Certes, on note enfin le malaise qui transparaît à la toute fin du dernier chapitre lorsque Panneton fait état de la polémique entourant la possible filiation entre Laporte et le monde interlope montréalais avant sa mort, une affaire révélée en 1972 par Jean-Pierre Charbonneau, alors journaliste au Devoir. Laporte sera officiellement blanchi en 1974 dans le rapport rédigé par les commissaires mandatés pour faire la lumière sur cette affaire par le premier ministre Bourassa, mais on comprend que Panneton marche sur des oeufs, surtout que son ouvrage est endossé par la famille du principal intéressé et que les plaies ne sont probablement pas encore totalement guéries. D’autant plus que Charbonneau soutient toujours sa version et n’en démord pas. Il a d’ailleurs reproché à l’auteur de ne pas l’avoir consulté au sujet de cet épisode de la vie de Laporte (bien que Panneton ait consulté les articles de Charbonneau, son autobiographie ainsi que le rapport de l’enquête). Au contraire, selon moi, Panneton n’applique ici aucune censure, ce qui est louable, et parvient à s’élever au-dessus du débat plutôt que de verser dans la chronique.

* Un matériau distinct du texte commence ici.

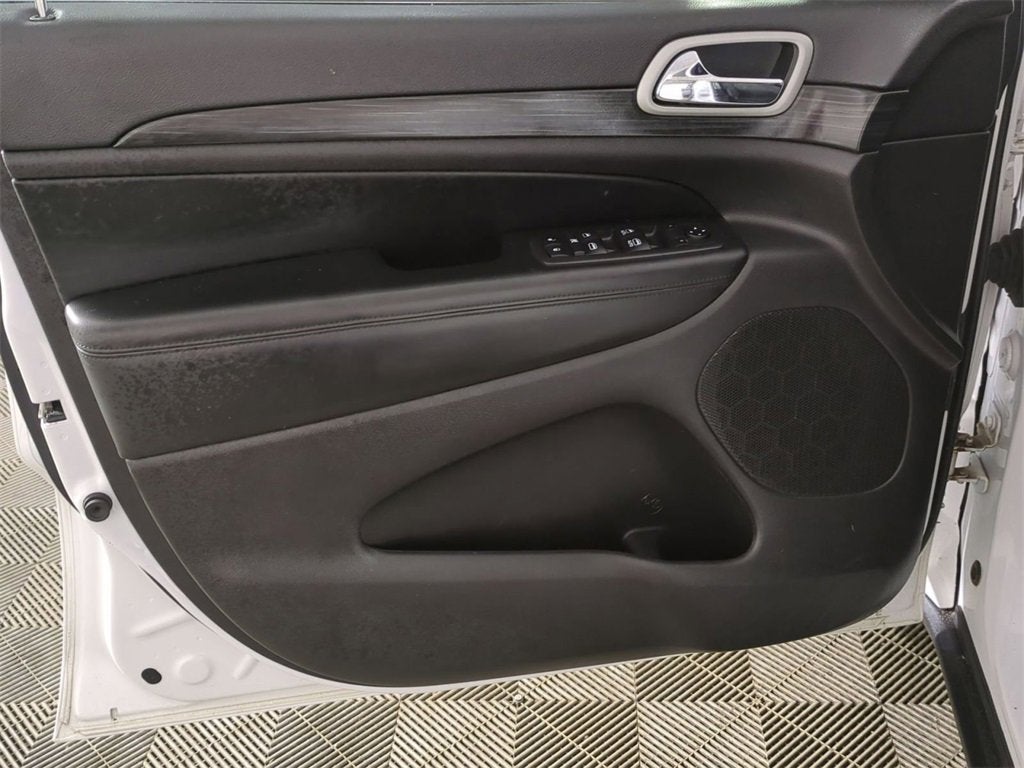 2020 Jeep Grand Cherokee Laredo E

Double victime tragique des dérives extrémistes du Front de libération du Québec (FLQ) en octobre 1970, il perd d’abord la vie, puis son legs et sa mémoire journalistiques et politiques, emportés par cette douleur collective nationale qui l’a remisé aux oubliettes de l’histoire pour tout exutoire d’un malaise profond et inexplicable. L’ouvrage de Panneton, impeccable biographie politique et travail d’érudition, aura le mérite de restaurer le personnage et de le réhabiliter dans l’histoire politique du Québec. À lire absolument.